Корчевников кашлянул. Его серые губы кривились от боли. На виске пульсировала жилка, похожая на свернувшегося кольцом и не желающего умирать дождевого червя. Борис хрипло выговорил:
– Да нет. Куркова убрал я.
– Честность – хорошее качество, – отметила я спокойно, хотя у меня от всего происходящего мучительно кружилась голова. – Ну, продолжай в том же духе. За что убили Косинова?
– У него был конфликт с Фомичевым. Деталей не знаю. Помню только, что это касалось их проекта. Кажется, Косинов протестовал против каких-то там… Словом, он пригрозил Фомичеву, что предаст огласке некоторые моменты.
– Огласке?
– Да. Он говорил, что выставит их на суд общественности. У Косинова была вообще странная манера выражаться… старомодная. Как у комсомольского вожака в годах этак шестидесятых.
– Ага, – кивнула я, – понятно. Конфликт Косинова с Фомичевым, крайний – Кешолава, сюда же влезли два глупца, угнавшие машину Косинова, который, как последний дурак, оставил авто с важнейшей информацией в бортовом компе просто на улице. Наверное, сильно он измотался, если позволил себе такую глупость. Или думал, что Фомичев не догадается?
– Что думал Косинов, уже никому не откроется.
– Философ, – усмехнулась я. – Ну хорошо… Я все могу понять: корпоративный конфликт в знатном семействе ИГИБТа, матерый гэбистский волк Фомичев перегрыз горло залетному гусенку Косинову, две бродячие дворняжки, Костюмчик и Микиша, влезли не в свое дело, сперли единицу автотранспорта. Кешолава – тоже понятно, за что страдает. Но, – я наклонилась к самому уху Корчевникова, – моя тетушка-то тут при чем? Она-то какое касательство имеет к этому делу?

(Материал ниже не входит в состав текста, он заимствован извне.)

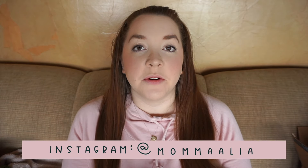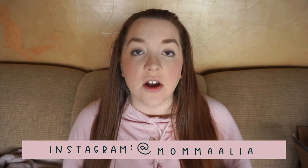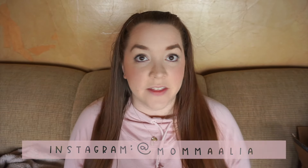Hey everybody, so today I'm here to share with you guys what is in my husband's stocking. I've already done my kids' stockings and shown you what we're getting the kids for Christmas. I included their ideas that they're going to ask Santa for, and I will link all those videos down below.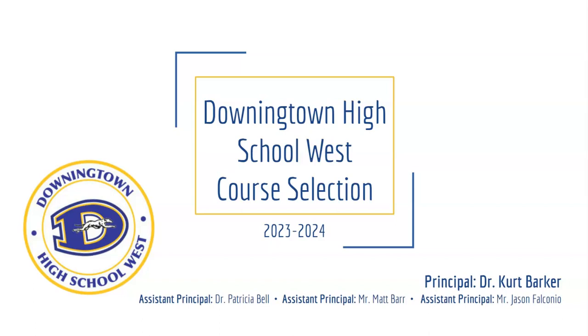Good morning and welcome to Dannytown High School West's course selection presentation for the 23-24 school year. In this presentation we will review graduation requirements, course options, and how to access support for course selection materials and information.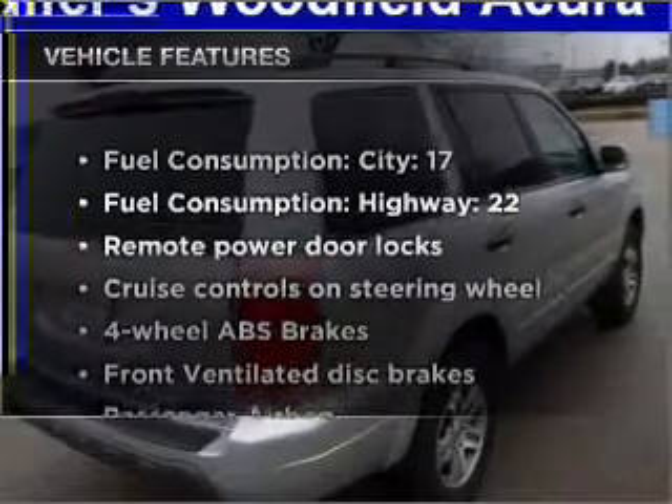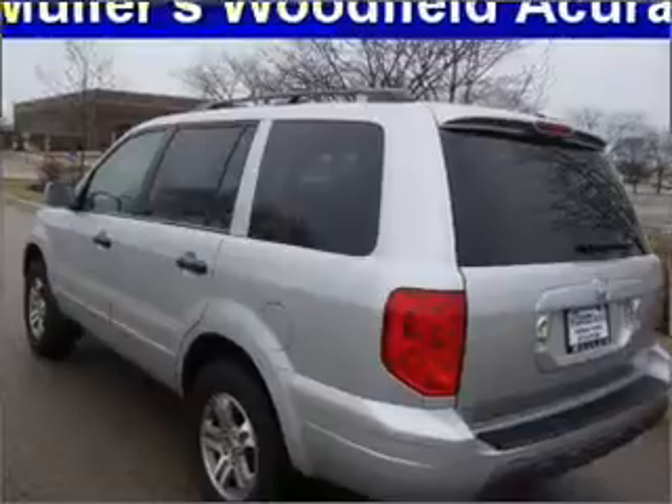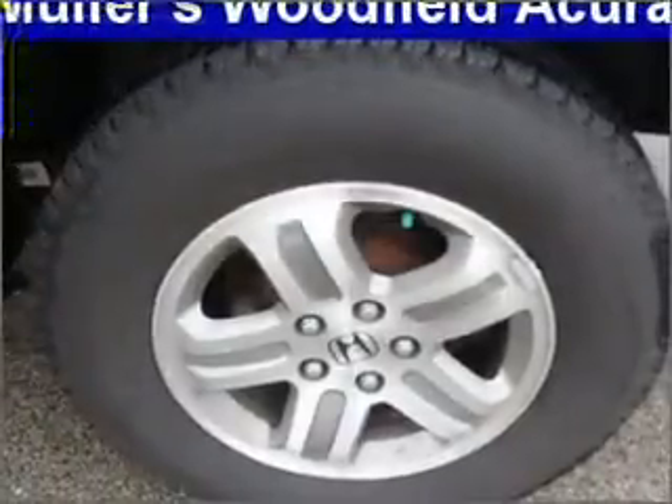Plus, enjoy these notable features included in this vehicle: air conditioning, power door locks, power windows, power steering, cruise control, power mirrors, an alarm system, an AM/FM stereo with a CD player, and an adjustable tilt steering wheel.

– Я же говорил, что не знаю!
Я погладила волосы на виске Корчевникова дулом «беретты»:
– Что, правда?
– Ну в самом деле я не знаю! Только слышал, что все из-за того, что она – родственница генерала Охотникова. Родная кровь. И еще там приблудился этот Долинский, которого в последнее время усиленно разыскивает Фомичев. Долинский ведь пропал из виду несколько лет тому назад, и с тех пор о нем ни слуху ни духу. А без него что-то там у Фомичева не срастается, причем со смертью Косинова – тем более.
– Зачем же было резать курицу, которая несет золотые яйца? – спросила я. – Под курицей я разумею, понятно, Вадима Косинова.
– Потому что курица слишком громко кудахтала, – отозвался Борис. – Никто не виноват… А еще я слышал, – вдруг встрепенулся он, – что все происходящее имеет прямое отношение к конференции этих… ученых, которые и сейчас заседают.
– Вот, значит, в чем дело… – пробормотала я. – Конференция… «суд общественности». Может, именно на конференции Косинов собирался опубликовать какие-то запретные, на взгляд Фомичева, нюансы разработок по проекту «Ген регенерации»? Все может быть, все может быть. Ладно, Боря, ты уж извини, но я тебя в таком виде оставить не могу. Кто мне поручится за то, что ты не начнешь сразу после моего ухода названивать Коле-клинику или даже самому Фомичеву? Никто.
Корчевников пошевелился, лежа на полу, и шевельнул губами так, как это делают глухонемые. Потом выговорил хрипло:
– Ты меня застрелишь?
– Нет, утоплю, – отозвалась я. – Ты ведь предпочитаешь именно такой вид смерти? По крайней мере, в отношении других людей? Ладно. Не буду марать об тебя руки. Только я хочу еще получить от тебя адрес Николая. Как его фамилия, кстати?
– Савин. Николай Савин.
– Ну вот и скажи мне быстренько адрес Николая Савина. Да, кстати, а Фомичев часто не ночует дома? Адрес-то его у меня есть, только я не думаю, что он постоянно там бывает.
– Случается, что он ночует в институте. Довольно часто. У него там есть комната отдыха, и он там спит. Он вообще неприхотливый человек, так что…
– Отлично, – сказала я. – Фомичев у нас спартанец, я поняла. Ну, диктуй адрес своего дружка Савина.
Корчевников, глядя на меня уже откровенно умоляющим взглядом, сказал адрес Николая и Елены – они жили вместе, как оказалось. Затем я связала Бориса и заклеила ему рот пластырем. В процессе связывания я пару раз ненароком зацепила простреленное колено страдальца и так же случайно сжала его запястье. Он потерял сознание.